Centro dos Direitos Humanos de Joinville Maria da Graça Bráz

Nota emitida pelo CDH
Nota emitida pelo CDH
( Foto: )

Conselho Nacional de Igrejas Cristãs do Brasil

"O Conselho Nacional de Igrejas Cristãs do Brasil ( CONIC ) e a Plataforma dos Movimentos Sociais pela Reforma do Sistema Político, constituída por noventa e seis organizações com forte histórico de compromisso com a democracia, expressam sua irrestrita solidariedade à Ana Lúcia, primeira vereadora negra eleita no município de Joinville / SC .

Ana Lúcia é reconhecida no estado de Santa Catarina e em nível nacional pelo seu engajamento e compromisso contra o racismo, pelos imigrantes haitianos, impactados pela xenofobia e pela dignidade das mulheres negras, que são as mais impactadas pelas violências racista e patriarcal.

O resultado das eleições do dia quinze de novembro de dois mil e vinte indica que há um desejo de ruptura com a cultura do ódio e com as polarizações. 

Exemplo disto, foram os mandatos coletivos - que cresceram e ganharam destaque -, o avanço, ainda que pequeno, de mulheres candidatas e eleitas, sem contar as pessoas trans que conseguiram vagas nas casas legislativas municipais. 

Entre as muitas surpresas do último processo eleitoral, um deles foi que a associação de candidatos a um “título religioso” não significou vitória automática, nem reeleição garantida. Isto mostrou que os cidadãos e cidadãs estão cada vez mais conscientes de que o voto não deve ser tutelado.

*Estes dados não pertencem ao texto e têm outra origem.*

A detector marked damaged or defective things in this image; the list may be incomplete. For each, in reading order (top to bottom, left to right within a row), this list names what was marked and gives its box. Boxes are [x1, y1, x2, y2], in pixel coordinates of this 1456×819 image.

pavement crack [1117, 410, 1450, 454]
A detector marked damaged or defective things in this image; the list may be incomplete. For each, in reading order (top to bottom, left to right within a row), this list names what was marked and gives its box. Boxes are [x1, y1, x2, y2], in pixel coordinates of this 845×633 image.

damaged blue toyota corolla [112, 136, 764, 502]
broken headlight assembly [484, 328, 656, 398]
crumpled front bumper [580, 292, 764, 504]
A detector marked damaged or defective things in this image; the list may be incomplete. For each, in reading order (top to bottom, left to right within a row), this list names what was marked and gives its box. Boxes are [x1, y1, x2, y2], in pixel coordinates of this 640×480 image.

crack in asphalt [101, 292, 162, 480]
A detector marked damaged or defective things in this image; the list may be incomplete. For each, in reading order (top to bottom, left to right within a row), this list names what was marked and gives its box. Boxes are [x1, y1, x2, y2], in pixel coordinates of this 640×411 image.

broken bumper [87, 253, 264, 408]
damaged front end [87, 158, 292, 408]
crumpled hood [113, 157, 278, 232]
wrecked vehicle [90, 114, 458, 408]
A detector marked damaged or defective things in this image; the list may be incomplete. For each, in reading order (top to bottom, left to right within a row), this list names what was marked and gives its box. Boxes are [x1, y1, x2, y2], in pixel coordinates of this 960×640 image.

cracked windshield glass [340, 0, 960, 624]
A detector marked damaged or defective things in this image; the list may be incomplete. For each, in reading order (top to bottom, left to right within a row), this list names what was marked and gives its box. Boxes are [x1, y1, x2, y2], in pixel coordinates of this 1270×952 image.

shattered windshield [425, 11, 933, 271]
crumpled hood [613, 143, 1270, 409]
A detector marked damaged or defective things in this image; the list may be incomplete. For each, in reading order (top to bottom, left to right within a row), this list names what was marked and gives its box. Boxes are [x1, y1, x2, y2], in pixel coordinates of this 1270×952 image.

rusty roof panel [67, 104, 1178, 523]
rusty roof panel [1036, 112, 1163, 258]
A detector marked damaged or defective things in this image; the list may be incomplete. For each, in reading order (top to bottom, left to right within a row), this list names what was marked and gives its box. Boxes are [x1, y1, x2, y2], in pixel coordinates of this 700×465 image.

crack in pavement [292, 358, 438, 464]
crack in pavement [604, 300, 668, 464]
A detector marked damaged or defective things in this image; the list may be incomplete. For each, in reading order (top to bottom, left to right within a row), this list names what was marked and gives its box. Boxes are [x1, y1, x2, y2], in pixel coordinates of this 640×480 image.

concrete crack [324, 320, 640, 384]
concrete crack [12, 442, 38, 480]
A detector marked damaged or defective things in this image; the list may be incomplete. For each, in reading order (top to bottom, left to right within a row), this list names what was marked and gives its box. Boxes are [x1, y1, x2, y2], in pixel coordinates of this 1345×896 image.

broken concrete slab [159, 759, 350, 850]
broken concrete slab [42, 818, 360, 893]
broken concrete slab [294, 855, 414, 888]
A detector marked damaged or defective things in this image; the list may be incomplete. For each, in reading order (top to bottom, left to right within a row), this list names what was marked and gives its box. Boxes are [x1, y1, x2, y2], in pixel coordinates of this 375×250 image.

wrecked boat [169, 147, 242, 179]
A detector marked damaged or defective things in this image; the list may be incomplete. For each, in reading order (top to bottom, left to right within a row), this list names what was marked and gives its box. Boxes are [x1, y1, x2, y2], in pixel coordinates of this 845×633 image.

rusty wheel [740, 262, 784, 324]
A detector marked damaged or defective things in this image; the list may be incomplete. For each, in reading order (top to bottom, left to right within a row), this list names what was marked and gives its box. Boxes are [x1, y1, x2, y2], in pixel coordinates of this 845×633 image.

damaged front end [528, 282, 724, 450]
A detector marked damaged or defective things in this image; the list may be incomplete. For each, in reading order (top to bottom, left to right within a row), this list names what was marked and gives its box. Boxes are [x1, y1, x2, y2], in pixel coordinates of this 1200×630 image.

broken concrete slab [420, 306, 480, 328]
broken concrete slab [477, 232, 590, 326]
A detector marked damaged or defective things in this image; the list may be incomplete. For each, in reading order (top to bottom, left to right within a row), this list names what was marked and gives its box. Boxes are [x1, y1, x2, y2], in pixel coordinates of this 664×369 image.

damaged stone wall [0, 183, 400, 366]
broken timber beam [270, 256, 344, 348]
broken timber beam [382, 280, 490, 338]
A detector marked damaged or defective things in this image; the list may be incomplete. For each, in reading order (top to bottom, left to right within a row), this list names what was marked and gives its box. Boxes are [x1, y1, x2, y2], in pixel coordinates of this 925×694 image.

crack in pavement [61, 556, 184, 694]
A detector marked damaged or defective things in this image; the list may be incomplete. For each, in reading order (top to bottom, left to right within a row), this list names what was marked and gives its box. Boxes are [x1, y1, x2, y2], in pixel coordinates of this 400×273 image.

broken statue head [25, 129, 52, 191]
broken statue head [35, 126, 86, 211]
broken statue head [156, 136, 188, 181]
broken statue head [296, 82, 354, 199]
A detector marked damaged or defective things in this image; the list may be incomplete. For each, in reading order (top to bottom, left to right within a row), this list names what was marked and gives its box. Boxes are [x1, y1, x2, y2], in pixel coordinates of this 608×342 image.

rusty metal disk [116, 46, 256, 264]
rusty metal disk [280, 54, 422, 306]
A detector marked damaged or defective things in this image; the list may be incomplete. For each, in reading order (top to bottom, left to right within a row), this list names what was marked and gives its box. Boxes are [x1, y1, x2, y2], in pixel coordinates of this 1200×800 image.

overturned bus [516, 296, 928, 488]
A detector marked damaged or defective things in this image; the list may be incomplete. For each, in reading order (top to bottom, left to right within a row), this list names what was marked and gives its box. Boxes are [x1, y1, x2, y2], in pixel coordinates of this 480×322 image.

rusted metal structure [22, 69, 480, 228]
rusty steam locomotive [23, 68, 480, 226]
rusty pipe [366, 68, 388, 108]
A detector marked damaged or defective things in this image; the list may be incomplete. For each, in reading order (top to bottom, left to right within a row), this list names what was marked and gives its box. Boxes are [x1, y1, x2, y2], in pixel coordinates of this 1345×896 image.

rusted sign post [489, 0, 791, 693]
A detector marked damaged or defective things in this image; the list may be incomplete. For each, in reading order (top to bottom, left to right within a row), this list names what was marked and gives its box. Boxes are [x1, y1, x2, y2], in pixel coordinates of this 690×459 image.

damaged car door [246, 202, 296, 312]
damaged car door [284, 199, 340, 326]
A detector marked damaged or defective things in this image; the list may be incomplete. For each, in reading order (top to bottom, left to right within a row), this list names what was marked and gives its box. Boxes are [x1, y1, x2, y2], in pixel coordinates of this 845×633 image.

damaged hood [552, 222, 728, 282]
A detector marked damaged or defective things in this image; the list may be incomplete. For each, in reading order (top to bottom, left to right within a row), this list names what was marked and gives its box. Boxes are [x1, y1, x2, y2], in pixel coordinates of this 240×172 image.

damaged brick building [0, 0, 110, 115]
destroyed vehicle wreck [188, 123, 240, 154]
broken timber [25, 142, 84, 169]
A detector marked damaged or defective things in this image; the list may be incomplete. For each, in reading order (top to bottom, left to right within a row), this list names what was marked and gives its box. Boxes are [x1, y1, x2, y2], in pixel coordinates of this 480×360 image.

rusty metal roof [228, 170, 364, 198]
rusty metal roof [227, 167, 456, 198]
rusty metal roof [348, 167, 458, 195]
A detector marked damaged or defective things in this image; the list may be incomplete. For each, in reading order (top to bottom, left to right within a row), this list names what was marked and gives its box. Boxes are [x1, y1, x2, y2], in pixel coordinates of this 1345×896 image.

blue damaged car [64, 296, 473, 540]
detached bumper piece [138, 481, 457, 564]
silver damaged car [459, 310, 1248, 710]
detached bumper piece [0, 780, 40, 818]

A segunda surpresa foi a eleição de pessoas que representam grupos socialmente vulnerabilizados e excluídos da política representativa. A eleição de mulheres negras e jovens, de mulheres trans e representações indígenas indicam que há uma mudança social em curso que aponta para a necessidade de ruptura com a política patrimonialista, racista e patriarcal. Entre as variáveis que indicam se uma democracia é forte ou não, é a pluralidade das representações políticas. 

Historicamente, esta variável indica que nossa democracia é caracterizada pela total ausência de representações que expressam a pluralidade da sociedade brasileira. Talvez esta seja a primeira eleição que aponta a possibilidade de transformarmos esta característica da política representativa.

O Brasil tem uma dívida histórica com as populações negras, indígenas e trans. Garantir que os espaços institucionais de representação política sejam reflexo da sociedade é um passo fundamental para repararmos esta dívida. Não há democracia em um país representado por uma pequena elite política identificada e comprometida com agendas políticas que não possibilitam as transformações estruturais necessárias para o aprofundamento da democracia.

Não aceitaremos as ameaças, intimidações e desmerecimento da importância da eleição de Ana Lúcia e de nenhuma outra pessoa e mandato coletivo eleitos pela organização e luta dos grupos vulnerabilizados.

Exigimos que as instituições responsáveis por investigar estas denúncias realizem apurações sérias e transparentes e que as pessoas responsáveis pelas ameaças sejam responsabilizadas nos termos da lei. 

Da mesma forma, repudiamos a tentativa de algumas lideranças políticas, levantar suspeitas sobre o resultado das eleições, insinuando, sem provas, que houve fraude no processo eleitoral.

Quero me ver no poder, foi a afirmação que animou a luta pela democratização do poder ao longo do processo eleitoral. Agora afirmamos, nos manteremos no poder porque a democracia nos garante este direito."